EXCERPTED DATA section start
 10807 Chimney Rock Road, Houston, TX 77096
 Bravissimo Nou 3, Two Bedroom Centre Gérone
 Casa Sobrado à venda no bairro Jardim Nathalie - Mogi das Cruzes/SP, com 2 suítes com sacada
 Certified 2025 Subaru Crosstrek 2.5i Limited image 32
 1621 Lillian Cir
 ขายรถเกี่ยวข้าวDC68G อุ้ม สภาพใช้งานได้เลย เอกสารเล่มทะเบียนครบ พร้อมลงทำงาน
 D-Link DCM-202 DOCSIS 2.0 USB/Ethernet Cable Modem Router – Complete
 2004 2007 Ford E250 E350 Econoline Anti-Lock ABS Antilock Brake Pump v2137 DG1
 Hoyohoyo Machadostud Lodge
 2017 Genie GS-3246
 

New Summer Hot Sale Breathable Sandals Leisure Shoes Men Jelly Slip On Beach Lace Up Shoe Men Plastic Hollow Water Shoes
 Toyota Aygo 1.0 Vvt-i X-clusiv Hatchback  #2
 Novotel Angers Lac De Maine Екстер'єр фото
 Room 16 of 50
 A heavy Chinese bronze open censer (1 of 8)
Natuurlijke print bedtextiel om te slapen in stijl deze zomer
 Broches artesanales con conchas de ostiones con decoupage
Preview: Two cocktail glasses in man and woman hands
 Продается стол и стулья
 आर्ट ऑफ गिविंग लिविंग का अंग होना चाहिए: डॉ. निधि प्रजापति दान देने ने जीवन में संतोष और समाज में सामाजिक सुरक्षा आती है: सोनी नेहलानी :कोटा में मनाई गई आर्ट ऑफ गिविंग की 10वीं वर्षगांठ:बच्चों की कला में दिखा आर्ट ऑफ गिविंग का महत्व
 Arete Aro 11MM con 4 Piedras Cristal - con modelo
EXCERPTED DATA section end
TASK STATEMENT => Please copy out every entry word for word.

ANSWER SPACE =>
 10807 Chimney Rock Road, Houston, TX 77096
 Bravissimo Nou 3, Two Bedroom Centre Gérone
 Casa Sobrado à venda no bairro Jardim Nathalie - Mogi das Cruzes/SP, com 2 suítes com sacada
 Certified 2025 Subaru Crosstrek 2.5i Limited image 32
 1621 Lillian Cir
 ขายรถเกี่ยวข้าวDC68G อุ้ม สภาพใช้งานได้เลย เอกสารเล่มทะเบียนครบ พร้อมลงทำงาน
 D-Link DCM-202 DOCSIS 2.0 USB/Ethernet Cable Modem Router – Complete
 2004 2007 Ford E250 E350 Econoline Anti-Lock ABS Antilock Brake Pump v2137 DG1
 Hoyohoyo Machadostud Lodge
 2017 Genie GS-3246
 

New Summer Hot Sale Breathable Sandals Leisure Shoes Men Jelly Slip On Beach Lace Up Shoe Men Plastic Hollow Water Shoes
 Toyota Aygo 1.0 Vvt-i X-clusiv Hatchback  #2
 Novotel Angers Lac De Maine Екстер'єр фото
 Room 16 of 50
 A heavy Chinese bronze open censer (1 of 8)
Natuurlijke print bedtextiel om te slapen in stijl deze zomer
 Broches artesanales con conchas de ostiones con decoupage
Preview: Two cocktail glasses in man and woman hands
 Продается стол и стулья
 आर्ट ऑफ गिविंग लिविंग का अंग होना चाहिए: डॉ. निधि प्रजापति दान देने ने जीवन में संतोष और समाज में सामाजिक सुरक्षा आती है: सोनी नेहलानी :कोटा में मनाई गई आर्ट ऑफ गिविंग की 10वीं वर्षगांठ:बच्चों की कला में दिखा आर्ट ऑफ गिविंग का महत्व
 Arete Aro 11MM con 4 Piedras Cristal - con modelo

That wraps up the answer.